International Journal of Oral & Maxillofacial Pathology. 2012;3(2):45-48 ISSN 2231 – 2250

Available online at http://www.journalgateway.com or www.ijomp.org

Case Report

Management of Unerupted Central Incisor Due to Compound Odontoma: A Case Report

Shamsher Singh, Lalita Mandia, Vivek Adlakha, Nitin Sharma, Subhash Chander, Bharat Sankhla

Abstract

Odontomas are hamartomous lesions or malformations rather than true neoplasms and are frequent cause of isolated delayed tooth eruption. Odontomas are asymptomatic in nature and often diagnosed in the second decade of life. The present case reported with missing tooth in upper front region. Clinical and radiographic finding are suggestive of compound odontoma. Hence treatment was planned for surgical removal of the lesion followed by orthodontic treatment.

Keywords: Odontogenic Tumors;Compound Odontoma;Delayed Tooth Eruption;Orthodontic

Extrusion;Forced Eruption;Tooth Movement.

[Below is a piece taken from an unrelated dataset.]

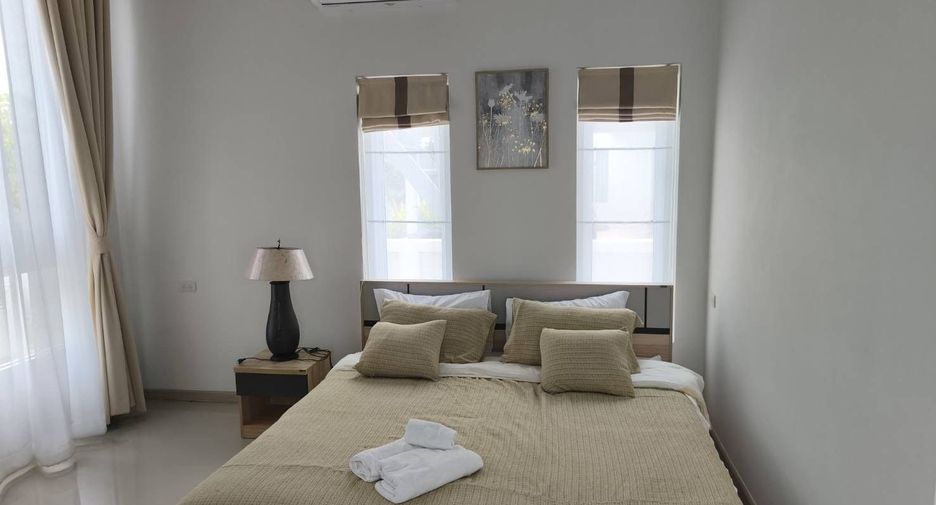 For rent 3 bedrooms house in Hang Dong, Chiang Mai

Shamsher Singh, Lalita Mandia, Vivek Adlakha, Nitin Sharma, Subhash Chander, Bharat Sankhla. Management of Unerupted Central Incisor Due to Compound Odontoma: A Case Report. International Journal of Oral and Maxillofacial Pathology; 2012:3(2):45-48. ©International Journal of Oral and Maxillofacial Pathology. Published by Publishing Division, Celesta Software Private Limited. All Rights Reserved.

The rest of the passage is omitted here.